Interest only mortgages have been in the news quite a bit in recent times. Many people were attracted to these mortgages years ago because they were a good way of paying back less each month. As the name suggests, you pay back the interest due on the mortgage amount on a monthly basis. The capital – the amount you borrowed in the first place – must be paid back at the end of the mortgage period.

As such it maybe necessary to put money into an investment vehicle that will grow over time. The idea is that this amount will be large enough by the end of the mortgage period to pay back the capital amount. However, there are still mortgage lenders who will lend to you without a suitable repayment vehicle although these are few and far between in today’s market place.

Are interest only mortgages suitable for residential purchases?

It depends on your circumstances. There were arguably two types of householders who got into trouble with these mortgages in previous years. They were either the ones who didn’t understand the terms of the mortgage, or didn’t take the necessary steps to save and invest for the capital sum to be paid off.

There are plenty of options available for saving the required amount of money.

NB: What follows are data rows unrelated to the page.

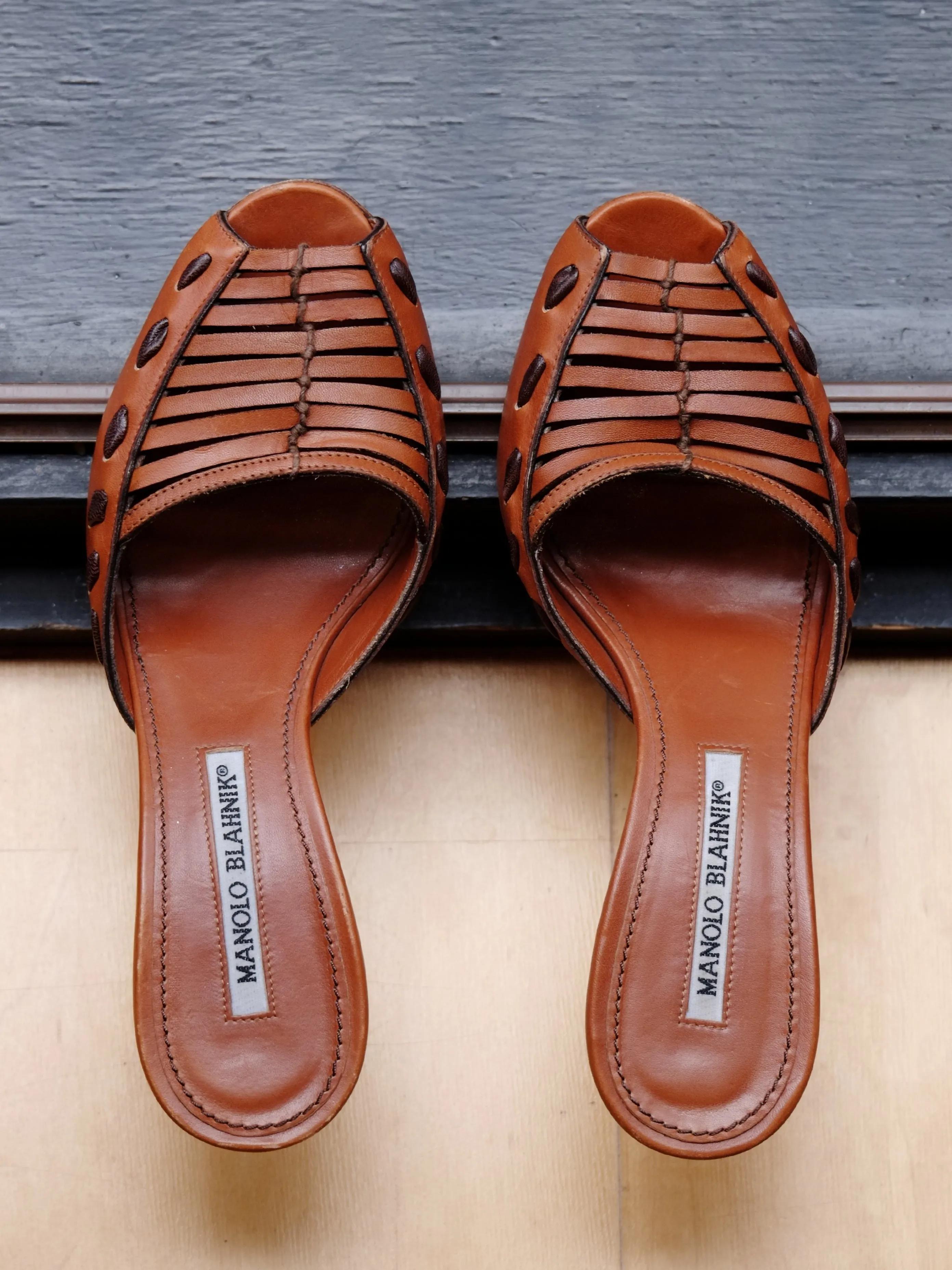 Manolo Blahnik brown weaving mules (Vintage)
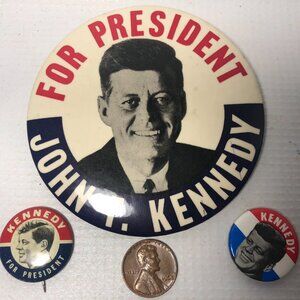 John F. Kennedy For President 1960 Campaign Metal Pinback Buttons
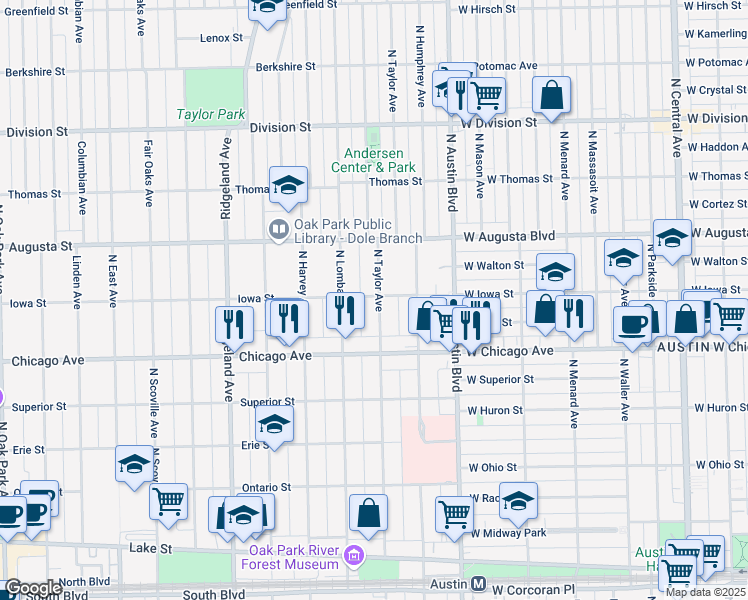 map of restaurants, bars, coffee shops, grocery stores, and more near 115 Iowa Street in Oak Park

For example you could use:

  • ISAs focusing on stocks and shares
  • Endowment policies and similar plans
  • Shares
  • Pensions
  • Property sales

This list is not exhaustive either – there are other options available too. The main thing is to ensure you can prove you have a strategy in place now that will repay the amount you wish to borrow in at the end of the mortgage term. It might sound like a long time but you need to plan for it in advance of asking for the mortgage.

Buy to let interest only mortgages

In the case of buying a property to rent, you will almost certainly be offered an interest only mortgage. This means you need to think very carefully about how you will pay back the capital amount.

The interest rates on a buy to let mortgage vary depending on the lender, the amount borrowed and whether you get a fixed rate over a specific term or not. You need to bear all these points in mind before choosing your mortgage provider.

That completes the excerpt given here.